La chica gastaba una expresión severa. Tenía los ojos almendrados rematados con párpados lisos. Bajo el iris se apreciaba una delicada media luna. La nariz era corriente, pero los labios eran carnosos y se retraían bruscamente hacia las comisuras cuando sonreía. Había algo salvaje e indómito en ella. Su cabello era fino y lo llevaba recogido en un moño. Allí en el agua, apresada por los dos carcamales, era la viva imagen de la inocencia. A pesar de mirarla directamente durante un buen rato, ella permaneció indiferente, distante.

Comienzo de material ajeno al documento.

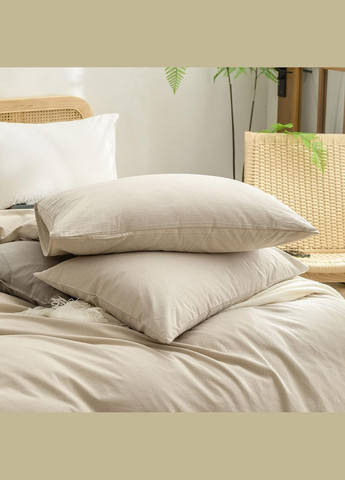 Комплект постельного белья, двуспальный, вареный хлопок (Washed Cotton) Кондор (304574197)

Con sumo cuidado, como si fueran los guardianes de un tesoro de incalculable valor, la pareja le acariciaba la espalda y le masajeaba los hombros. Todo indicaba que se recuperaba de alguna enfermedad aunque sus rastros no fueran visibles. Su piel tirante y suave le daba el aire de pureza y pulcritud propio de una reina. Entregaba su cuerpo a la pareja. Sonreía de tanto en cuanto con un gesto que me llevó a pensar por un instante que sufría algún tipo de retraso. Cuando se puso en pie, mis siniestras suposiciones se esfumaron de un golpe. Era todo ojos. Durante unos segundos me costó trabajo mantener la respiración. Era espléndidamente alta, de proporciones perfectas. Sencillamente soberbia. Dos pechos redondos que habrían llenado, sin dejar ningún espacio vacío, el volumen de dos grandes tazas de café. El vientre liso, nítido; sólidas y torneadas extremidades. Pasó delante de mí. Balanceaba los brazos al caminar por el agua sin el más mínimo atisbo de vergüenza. Tenía las manos pequeñas y hermosas, tan blancas que casi traslucían. Sin salir del agua, se acercó hasta el lavabo y tomó una taza metálica que había allí bajo el grifo. La llenó y la vació unas cuantas veces.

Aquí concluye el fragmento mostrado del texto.